Algo que, claro, contrasta con el escaso partido que el resto de la gente le sacamos a nuestra persona a lo largo de la vida; puede que no esté de nuestra mano utilizar la totalidad de nuestras posibilidades, sin embargo el que se considere usualmente que sólo hacemos uso de una parte ridícula de nuestras posibilidades, de la misma manera que sólo vivimos realmente unos pocos años en toda nuestra larga vida, lo que habla en definitiva es de la pobreza de nuestros esfuerzos, de la cortedad de nuestras iluminaciones, de la poco provocada tensión con que pasan los días, al contrario de aquellos otros seres excepcionales que a una dotación personal extraordinaria, suman la despierta voluntad de escucharse con decisión, de escuchar a su entorno, a la naturaleza.
Escucho a Mahler en el agradable desplazarse del Ave.

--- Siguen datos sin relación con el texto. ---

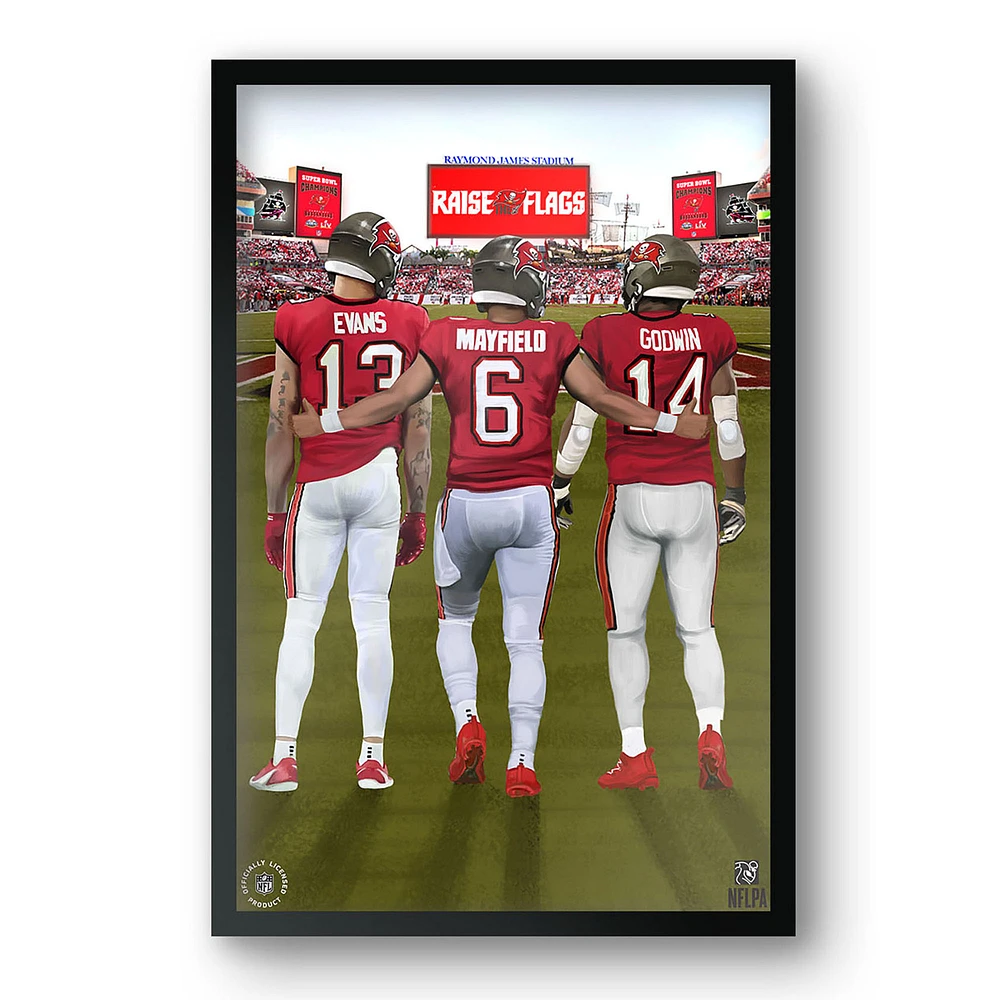 Baker Mayfield, Chris Godwin & Mike Evans Tampa Bay Buccaneers 27" x 39" Framed Three Player Art Print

Una obra de arte, novela, pintura, como propuesta para despertar nuestro espíritu y adentrarse en parajes encantados, rincones de naturaleza virgen, de nuestro yo escondido. Una llamada para después de un largo camino; una cerveza que cae sobre el cuerpo como una bendita lluvia en tiempo de sequía. Y los sonidos con su danza sugerente, extremosa, palpitando tras la placidez del café, el tren deslizándose sobre el paisaje catalán, aragonés, Castilla al fin, en el silencio del mediodía; adormecido por el sol intemporal; las nubes más allá del viaje, de la calma que subyace en el vagón del Ave, culta civilización en la que pueden convivir la excentricidad de una reproducción de los masais que encontré años atrás en las aldeas al sur de Nairobi, un hombre grueso de buen ver con el pelo rasurado, el cuerpo completamente lleno de tatuajes y los lóbulos en las orejas oradados al modo de aquellos indígenas, su cabeza rapada, su aplomo existencial; un mundo en el que pueden convivir estos y otros tipos de pacíficos pasajeros, ciudadanos de nuestros días que van y vienen de un extremo a otro del país con la indolencia y la naturalidad propia del homínido perfectamente adaptado a su entorno. Y la música de Mahler, ahora la sinfonía número cinco, atravesando el paisaje, ese pedazo del mes de septiembre en el que ahora me toca vivir, con sus huracanadas, su tranquilo paso por túneles del tiempo, el espacio agostado de los campos, la suavidad de un regreso por donde discurre la sensibilidad expectante del viajero camino de casa.